Nicholas references Andrew Sullivan’s “Why I Blog”

For centuries, writers have experimented with forms that evoke the imperfection of thought, the inconstancy of human affairs, and the chastening passage of time. But as blogging evolves as a literary form, it is generating a new and quintessentially postmodern idiom that’s enabling writers to express themselves in ways that have never been seen or understood before. Its truths are provisional, and its ethos collective and messy. Yet the interaction it enables between writer and reader is unprecedented, visceral, and sometimes brutal. And make no mistake: it heralds a golden era for journalism.

by Andrew Sullivan

Why I Blog

Andrew makes excellent points.

Yet the interaction it enables between writer and reader is unprecedented, visceral, and sometimes brutal. And make no mistake: it heralds a golden era for journalism.

Anyone who has blogged his thoughts for an extended time will recognize this world. We bloggers have scant opportunity to collect our thoughts, to wait until events have settled and a clear pattern emerges. We blog now—as news reaches us, as facts emerge.

The blog remained a superficial medium, of course. By superficial, I mean simply that blogging rewards brevity and immediacy.

But the superficiality masked considerable depth—greater depth, from one perspective, than the traditional media could offer. The reason was a single technological innovation: the hyperlink. An old-school columnist can write 800 brilliant words analyzing or commenting on, say, a new think-tank report or scientific survey. But in reading it on paper, you have to take the columnist’s presentation of the material on faith, or be convinced by a brief quotation (which can always be misleading out of context). Online, a hyperlink to the original source transforms the experience.

But blogging requires an embrace of such hazards, a willingness to fall off the trapeze rather than fail to make the leap.

Some of the points I most attached to are:

It renders a writer and a reader not just connected but linked in a visceral, personal way. The only term that really describes this is friendship. And it is a relatively new thing to write for thousands and thousands of friends.

A good blog is your own private Wikipedia.

And, then I realized differences I am trying to do with the Green Data Center blog.

A traditional writer is valued by readers precisely because they trust him to have thought long and hard about a subject, given it time to evolve in his head, and composed a piece of writing that is worth their time to read at length and to ponder.
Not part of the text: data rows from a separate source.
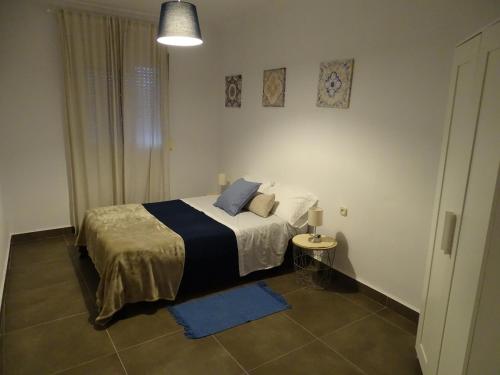 赫雷斯-德拉弗龙特拉Casasjerezanas Vistaflor2的一间卧室配有一张带蓝色枕头的床。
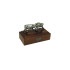 Muela Silverware FIGHT OF BOARS ON WOODEN BASE cm 10x5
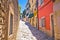 Sunny colorful stone street of ancient Pula view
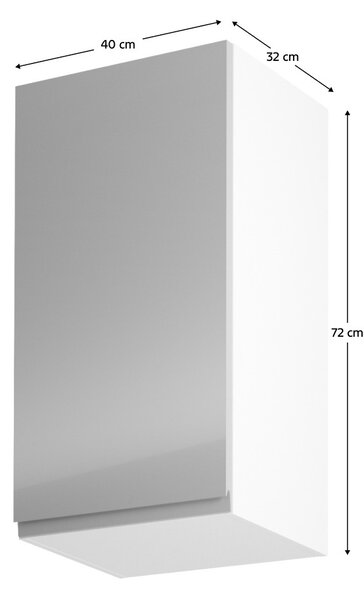 Horní kuchyňská skříňka G40 Aurellia (bílá + lesk šedý) (L)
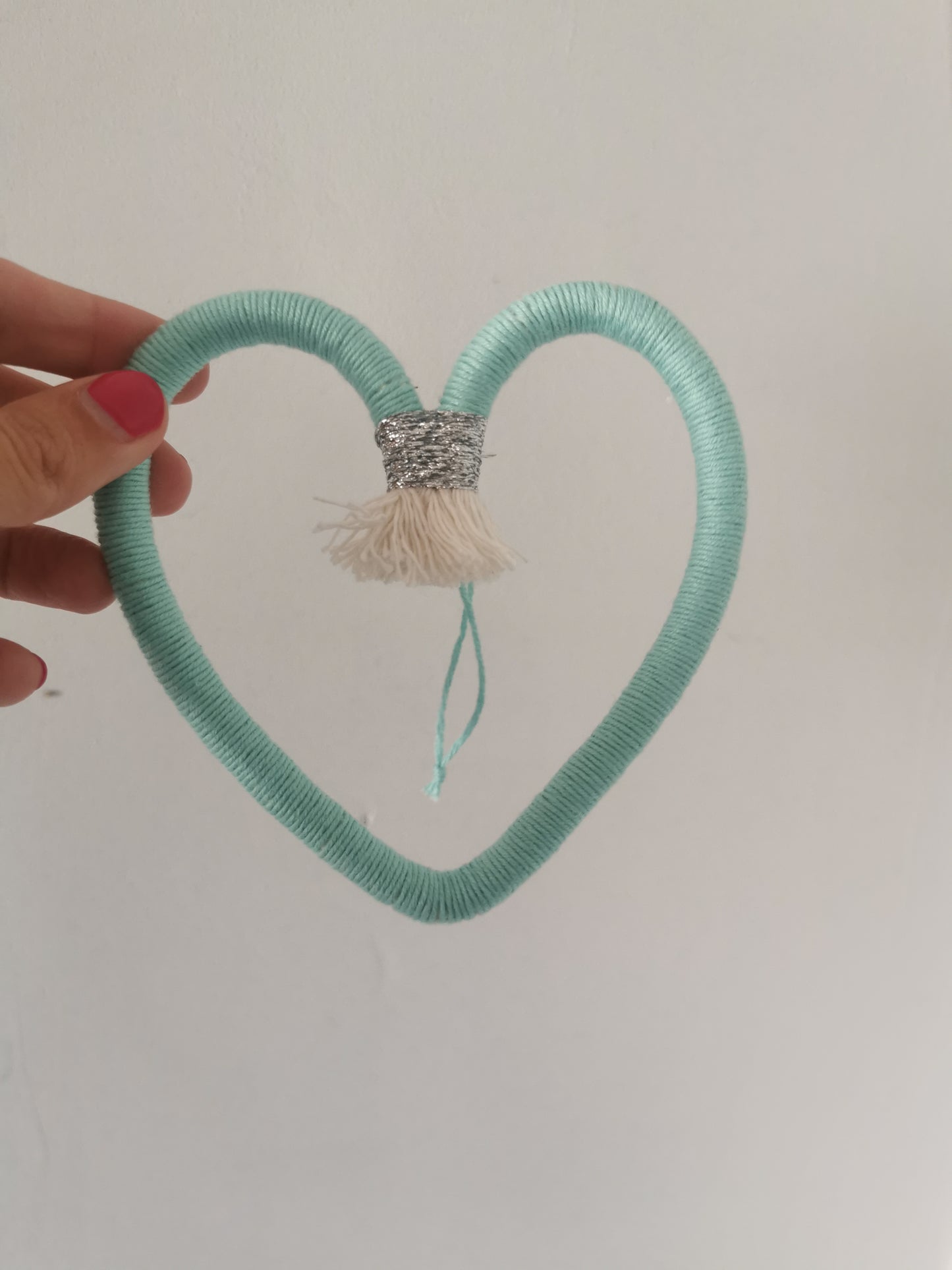 Macrame heart wall hanging decoration, nursery decor, boho wall hanging decoration, kids bedroom decor, turquoise decor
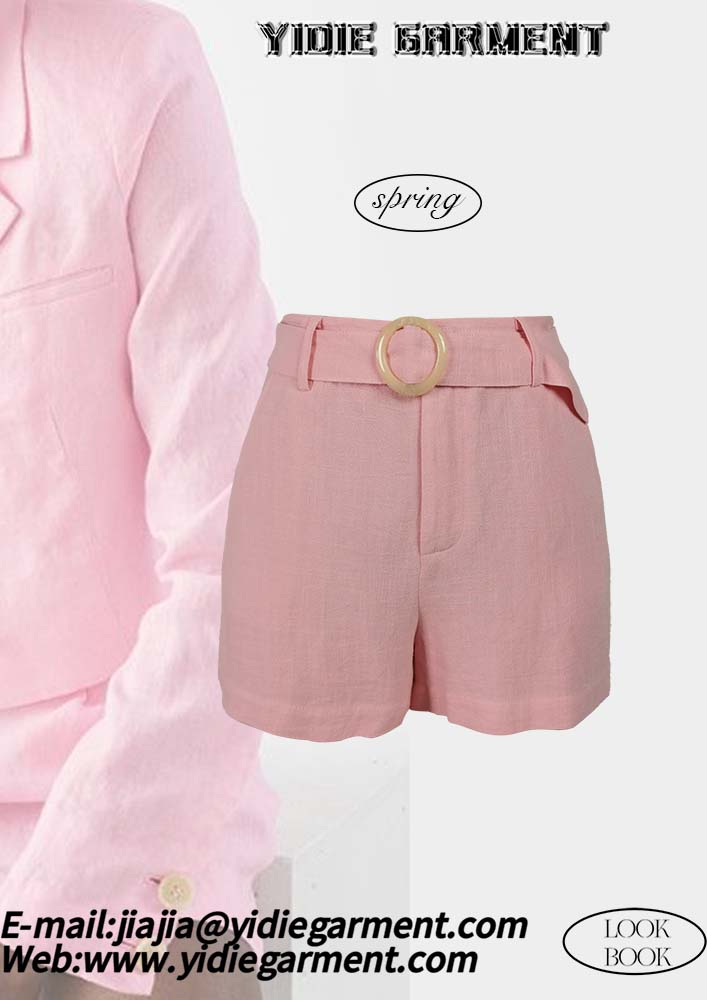 Women's Pink High-waisted Linen Pleated Shorts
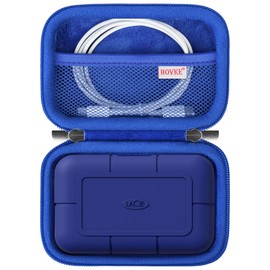 BOVKE Carrying Case for LaCie Rugged SSD Pro5 4TB / 2TB Solid State Drive, Storage Holder for LaCie Rugged SSD Pro5 Portable External Hard Drive for Mac and PC Computer, Blue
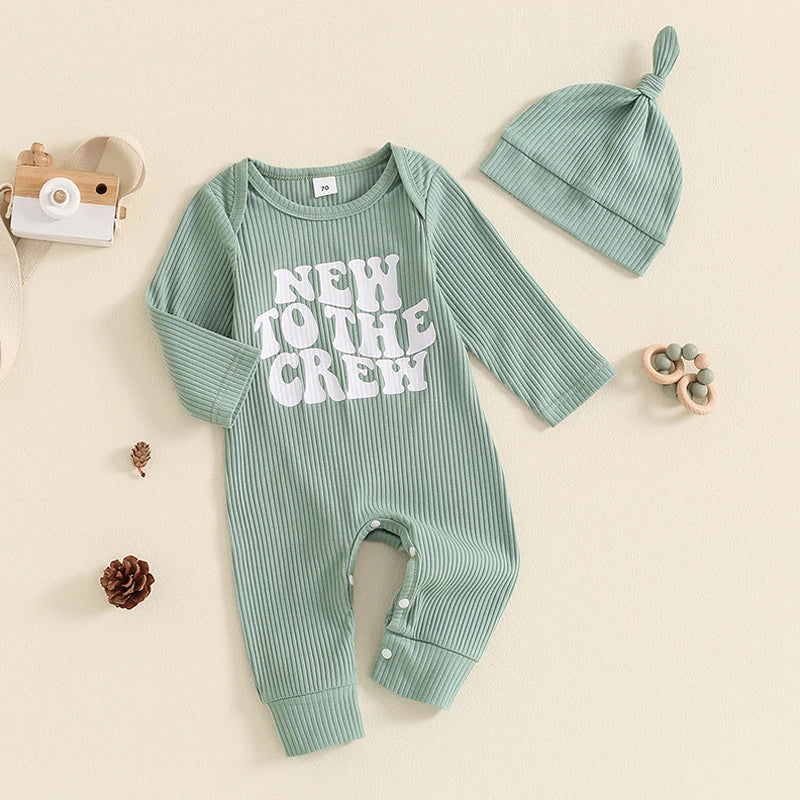 Baby Girl Boy 2Pcs New To The Crew Fall Romper Letter Ribbed Long Sleeve Full Length Jumpsuit Hat Clothes Outfit Set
Bloggers don’t do this and cannot do this—and that limits them far more than it does traditional long-form writing.

The torrent of blogospheric insights, ideas, and arguments places a greater premium on the person who can finally make sense of it all, turning it into something more solid, and lasting, and rewarding.

The one big point Andrew missed for Why I Blog is the metrics. I know how many people view a post in RSS readers and click on links. I can see when search engines bring traffic. The problem with traditional publishing is it is open loop.  Adaptable efficient designs have closed loop control systems.  Publishing on a blog with tools like Feedburner, Google Analytics, Quantcast, and Typepad Stats allows me to get information on how well things work and what I need to change.

I blog because it is a closed loop publishing system. 

And, one of the top features I look for in a Green Data Center is whether the engineers and operators use control theory to build closed loop feedbacks.

How else do you know if things are working the way you expect?